Start of Supplied data

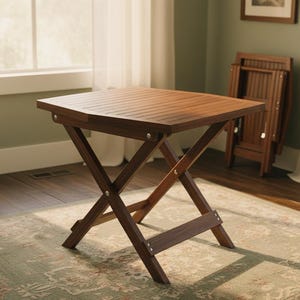 May include: A square, folding wooden table with a slatted top and an X-shaped leg design. The table is a dark brown color and appears to be made of wood. A second, folded table is visible in the background. The table measures approximately 24 inches wide.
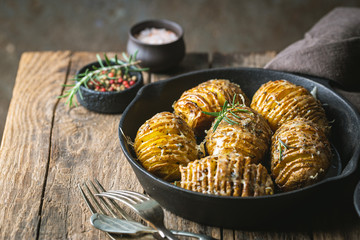 Baked hasselback potatoes with cheese, garlic and greens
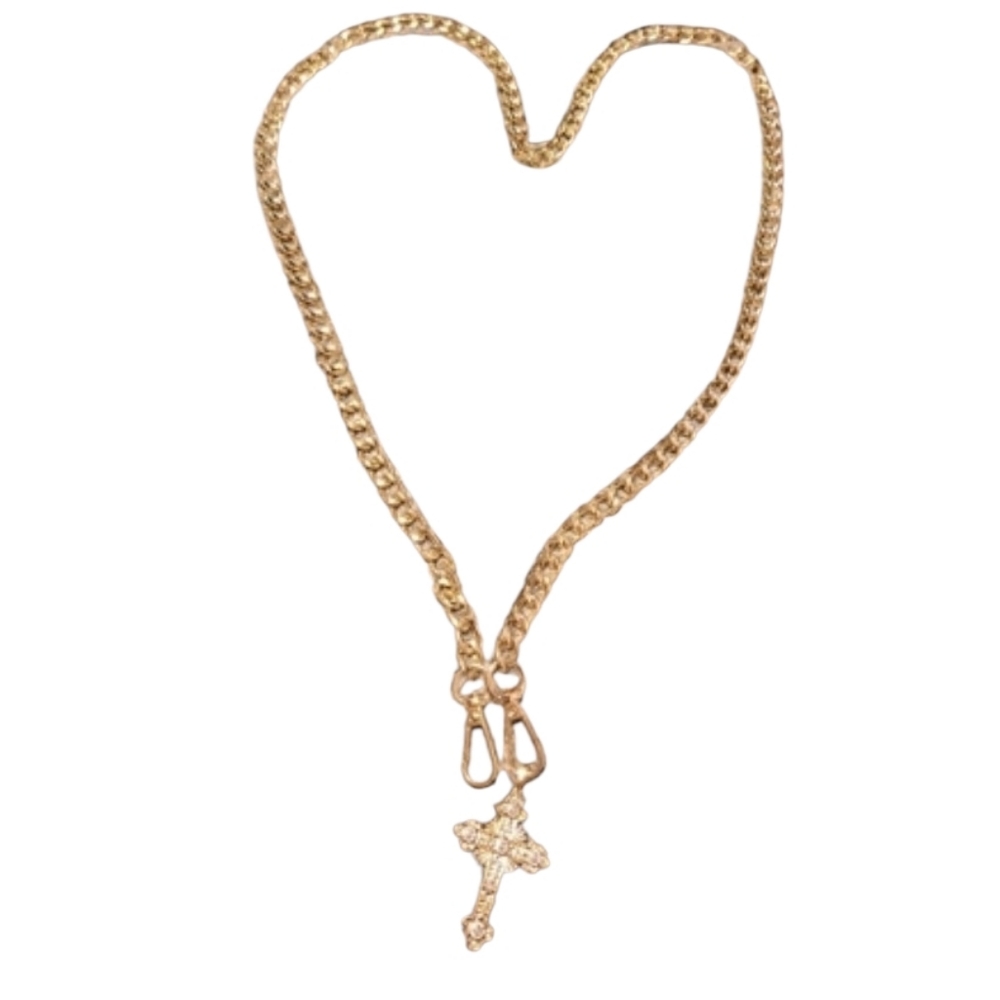 BELT WITH A GOLDEN CROSS AT END OF CHAIN.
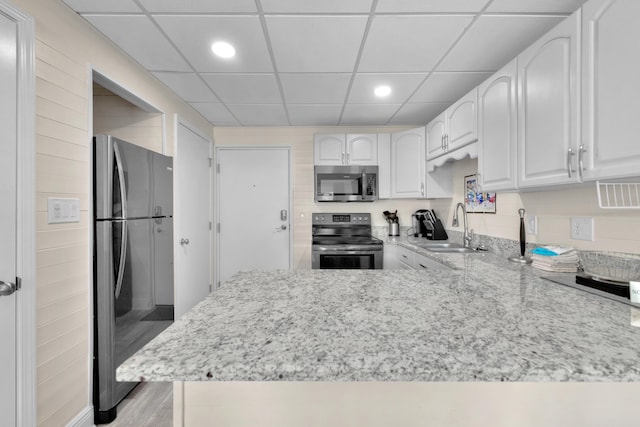 909 Santa Rosa Blvd Unit 611, Fort Walton Beach, FL 32548 - kitchen featuring stainless steel appliances, a peninsula, a sink, and white cabinets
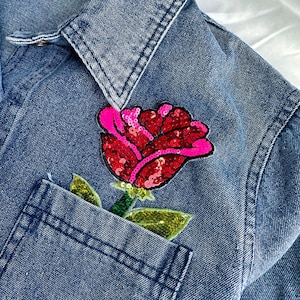 May include: A denim jacket with a red and pink sequined rose patch sewn onto the pocket.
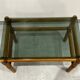Table basse bois blond et verre fumé à ligatures cuir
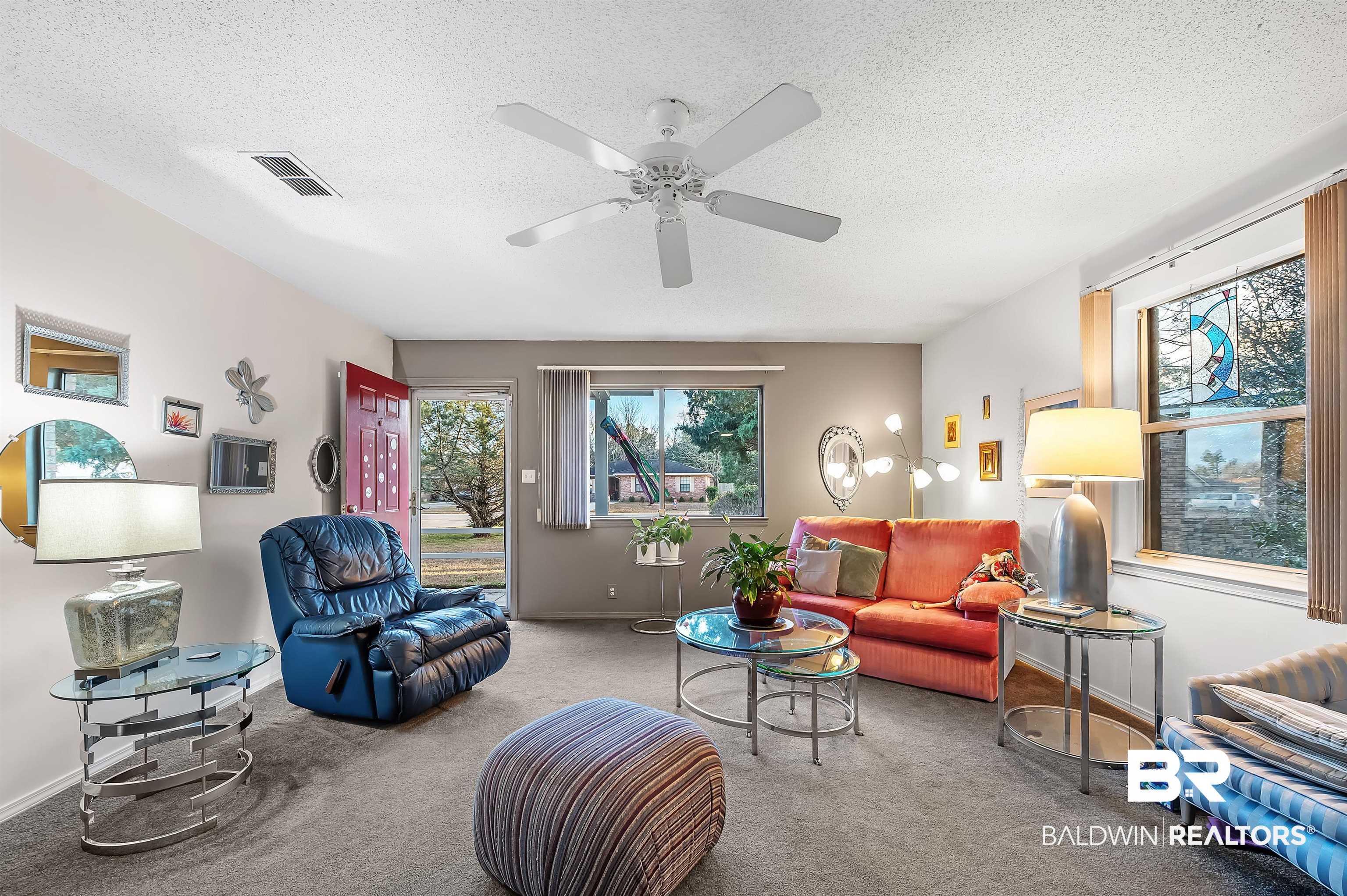526 Ariel Avenue Foley, AL 36535 - Photo 7 of 33 Carpeted living room with ceiling fan and a textured ceiling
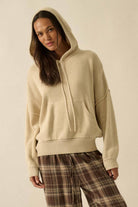 White long-sleeve ruched fitted top on model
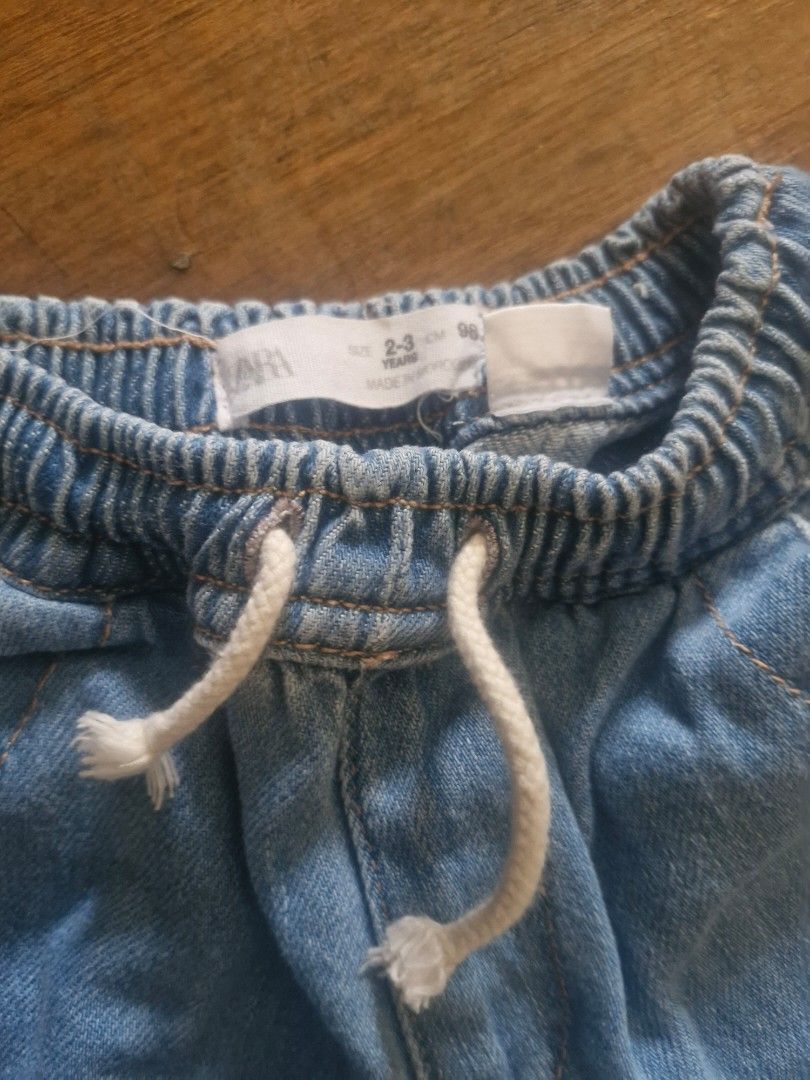 Zara Denim Jogger Pants Size 2-3 Years (Category: Babies & Kids Fashion) located in Cebu City. Submitted by minimi.cebu (Listing ID 1468083401, Image 2). Description: - Brand: Zara - Size: 2-3 years (98 cm) - Color: Light blue wash - Material: Soft and comfortable for toddlers - Waistband: Elastic with adjustable white drawstring - Cuffs: Elastic at the ankles - Pockets: Two functional side pockets - Style: Easy pull-on design.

End of Supplied data

» Exercise: Copy only this from above: the line containing "526 Ariel Avenue", the line containing "White long-sleeve ruched fitted top on model", and all lines between, printed exactly. Leave out the pictures.

» Task output:
526 Ariel Avenue Foley, AL 36535 - Photo 7 of 33 Carpeted living room with ceiling fan and a textured ceiling
 White long-sleeve ruched fitted top on model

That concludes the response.